• REQUIRED WORK:
Your answer should be only the lines below from the one with "maison 5 pièces 126 m²" to the one with "Polo confeccionado con", repeated exactly, ends included.

• DATA:
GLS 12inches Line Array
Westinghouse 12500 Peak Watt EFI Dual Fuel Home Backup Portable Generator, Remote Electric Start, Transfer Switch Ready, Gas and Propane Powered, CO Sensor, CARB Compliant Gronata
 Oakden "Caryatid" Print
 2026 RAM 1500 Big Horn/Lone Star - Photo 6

* * *

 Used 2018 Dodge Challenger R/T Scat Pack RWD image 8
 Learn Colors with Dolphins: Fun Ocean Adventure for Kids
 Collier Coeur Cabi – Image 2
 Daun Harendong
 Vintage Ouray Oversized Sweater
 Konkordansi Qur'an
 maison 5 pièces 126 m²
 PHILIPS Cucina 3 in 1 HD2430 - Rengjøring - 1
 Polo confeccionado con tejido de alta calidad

• YOUR RESPONSE:
 maison 5 pièces 126 m²
 PHILIPS Cucina 3 in 1 HD2430 - Rengjøring - 1
 Polo confeccionado con tejido de alta calidad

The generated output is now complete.